> _Activity_
Write exactly the lines running from the start of the material below to the line that includes "Casa flotante en el río Havel", and include no pictures.

> _Task data_
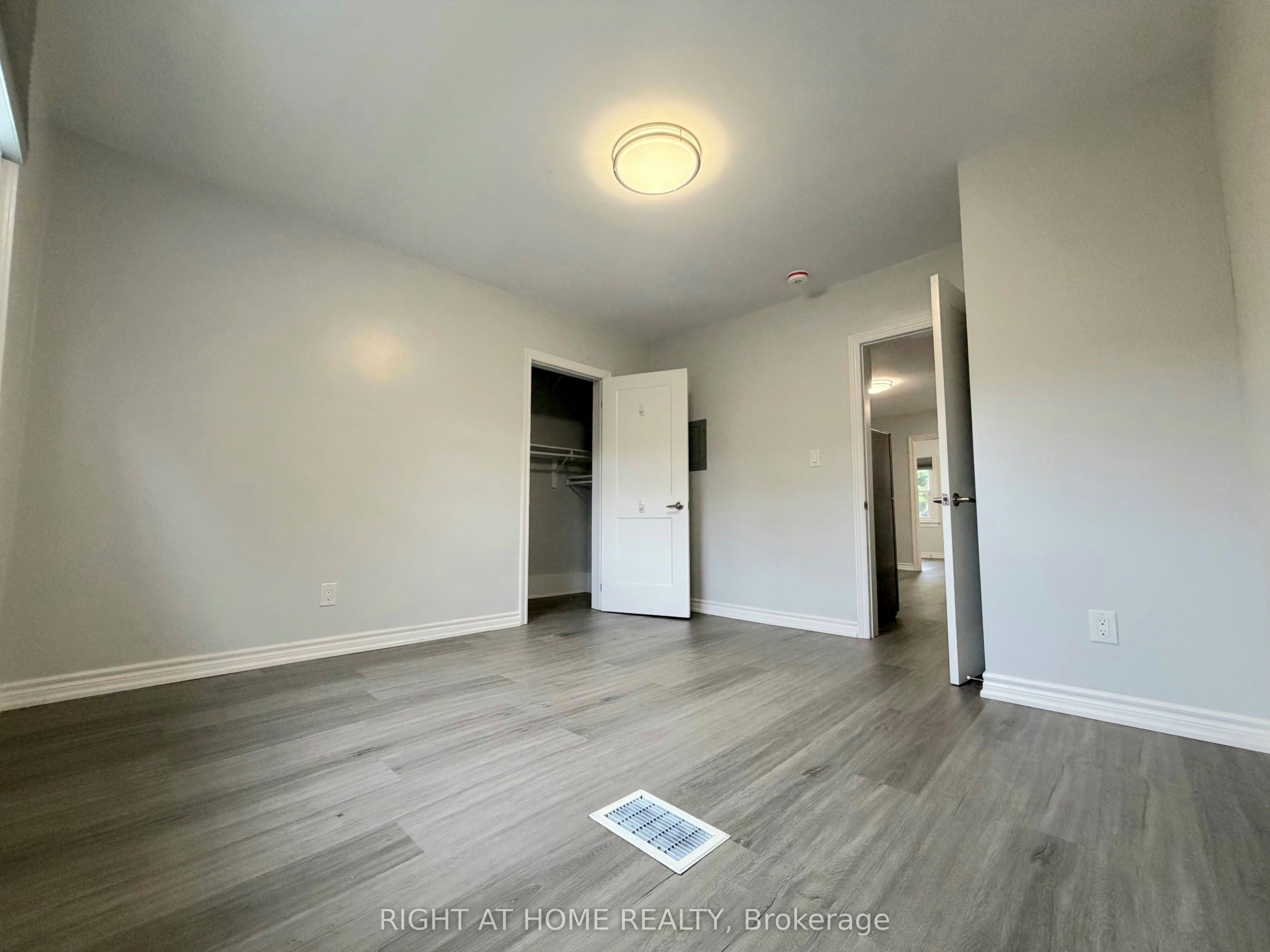 Upper-408 Strathmore Boulevard, Toronto, ON, M4C 1N5 - 7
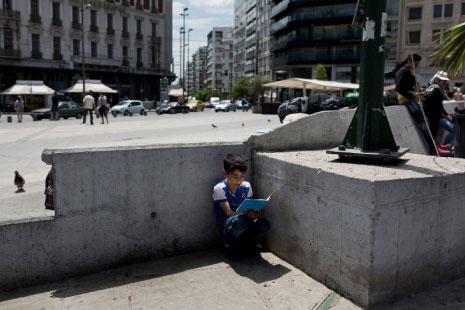 طفل سوري وسط العاصمة اليونانية أثينا (أنغيلوس تزورزينيس ــ أ ف ب) 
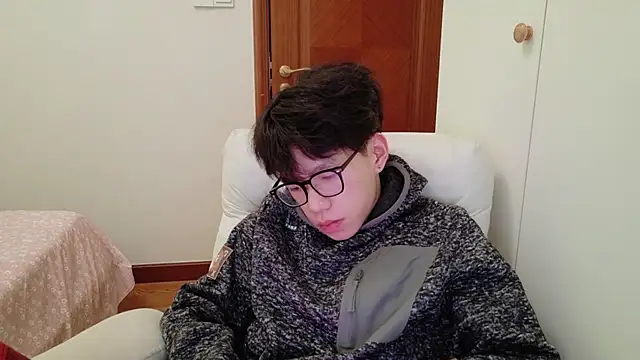 Snapshot of hangzi-0011 chatting on 11/13/25, 05:55 hangzi-0011 online show from 11/13/25, 05:55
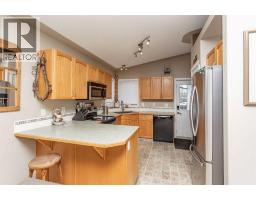 Kitchen - 236 Deschner Close, Red Deer, AB T4R3C2 Photo 5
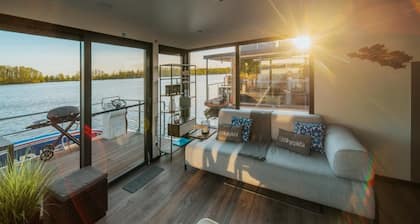Casa flotante en el río Havel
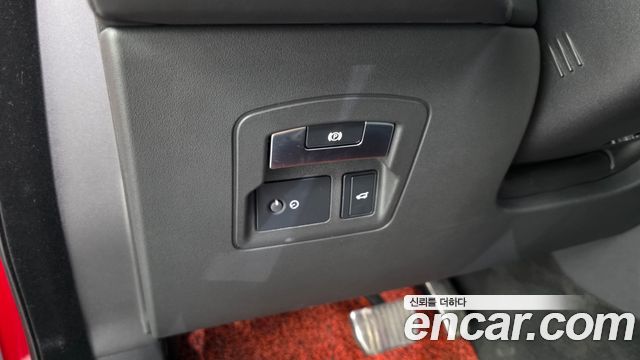 Land Rover Range Rover Velar 5.0 SV AB Autobiography Dynamic 2019 — фото 28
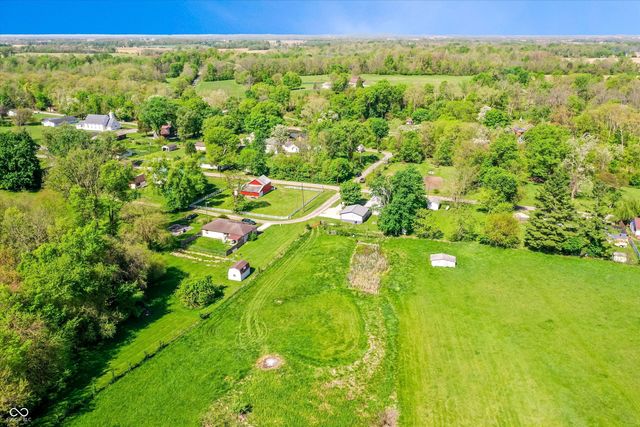 9184 S Geneva Main Street, Flat Rock, IN 47234
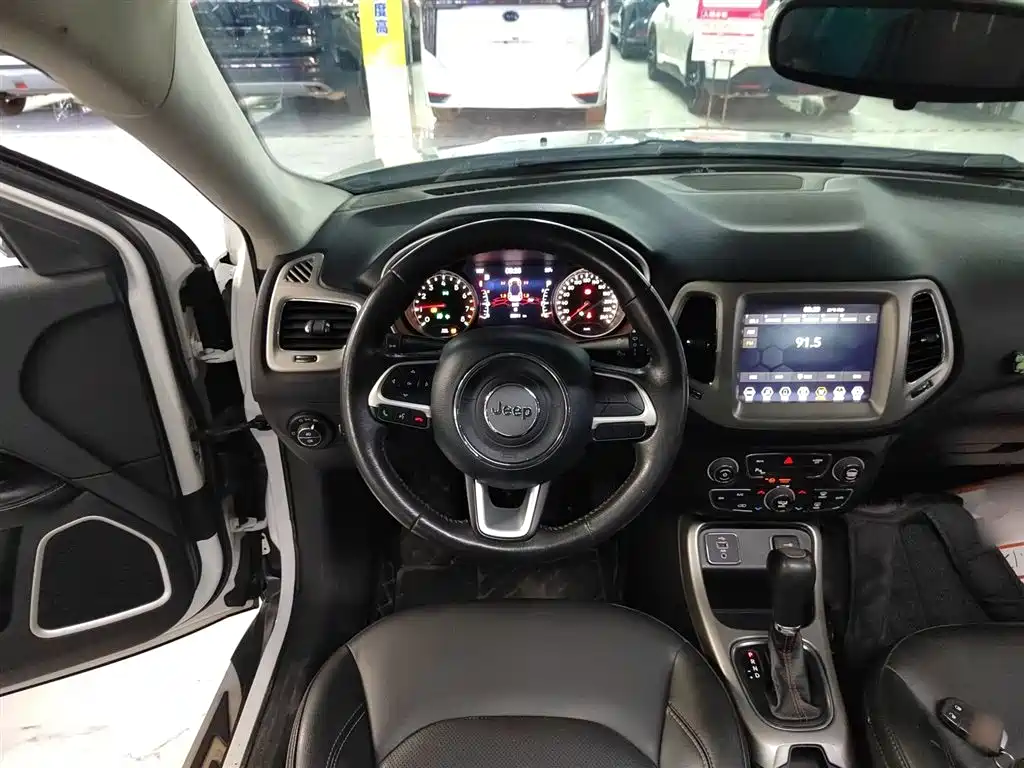 Jeep Compass 2018 — фото 7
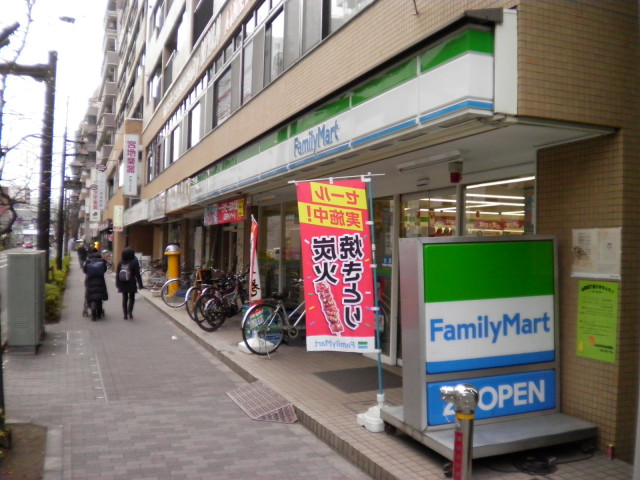 コンビニ　ファミリーマート　中川小金井北店（コンビニ）まで220m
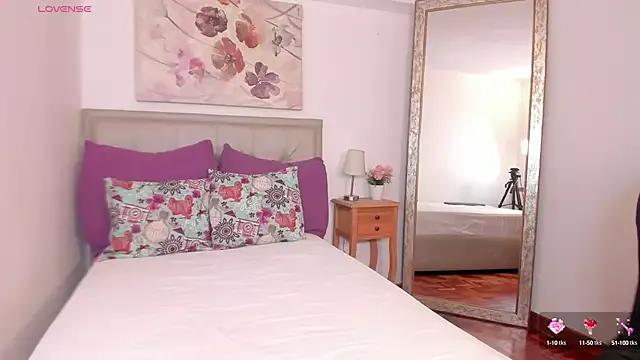 malak_brawn from StripChat is Freechat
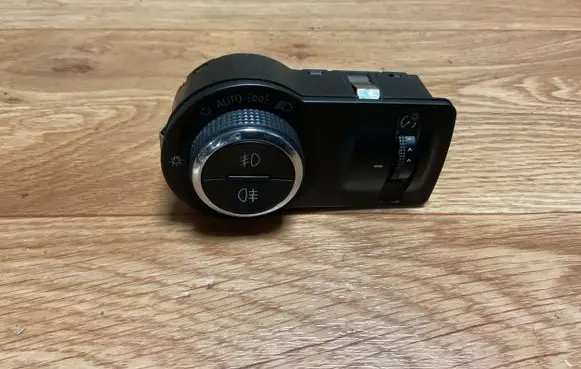 Opel Insignia A Light switch 13268707
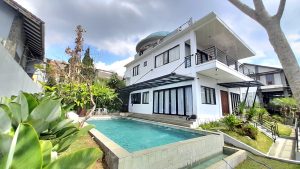Villa di bandung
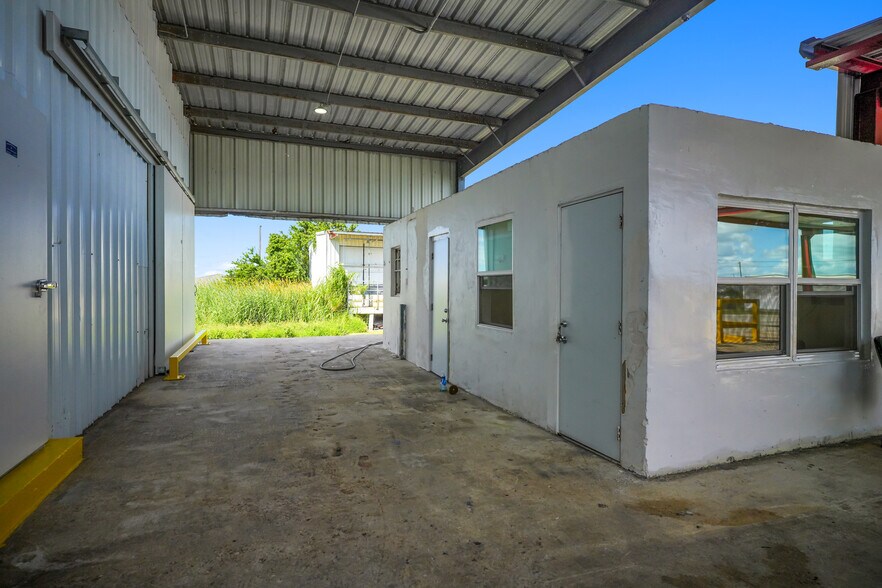 More Photos Of 901 NW 9th St, Belle Glade Refrigeration Cold Storage For Sale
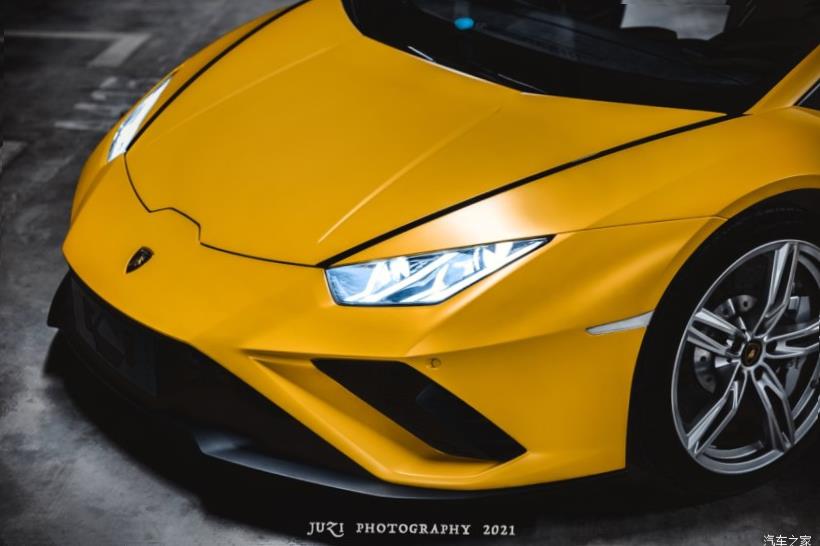 Lamborghini Huracan 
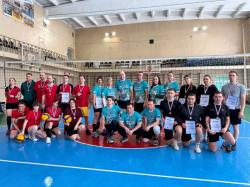 Команда педагогов школы № 1 — бронзовые призёры по  волейболу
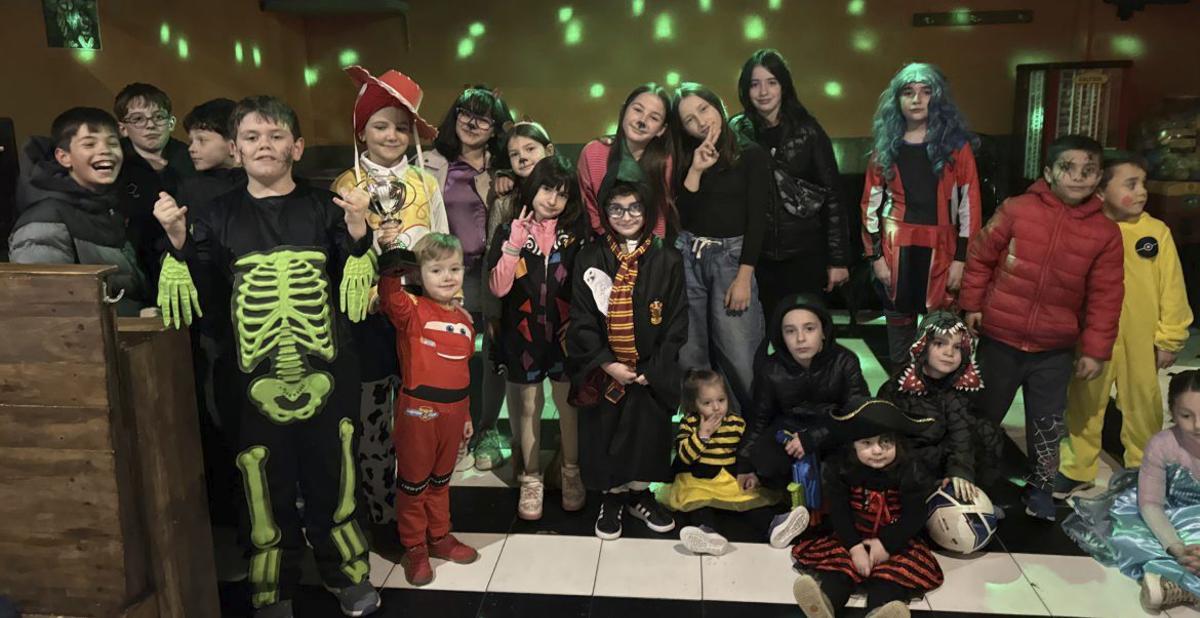 En Aguarón, los más pequeños celebraron el carnaval infantil.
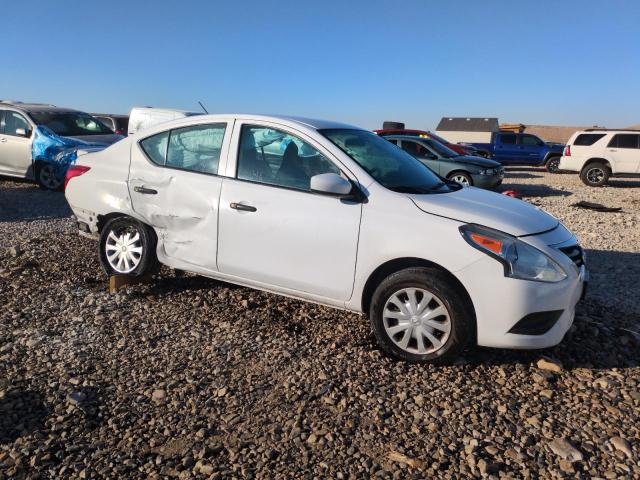 2016 NISSAN VERSA S 3N1CN7AP7GL842174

> _Written solution_
 Upper-408 Strathmore Boulevard, Toronto, ON, M4C 1N5 - 7
 طفل سوري وسط العاصمة اليونانية أثينا (أنغيلوس تزورزينيس ــ أ ف ب) 
 Snapshot of hangzi-0011 chatting on 11/13/25, 05:55 hangzi-0011 online show from 11/13/25, 05:55
 Kitchen - 236 Deschner Close, Red Deer, AB T4R3C2 Photo 5
Casa flotante en el río Havel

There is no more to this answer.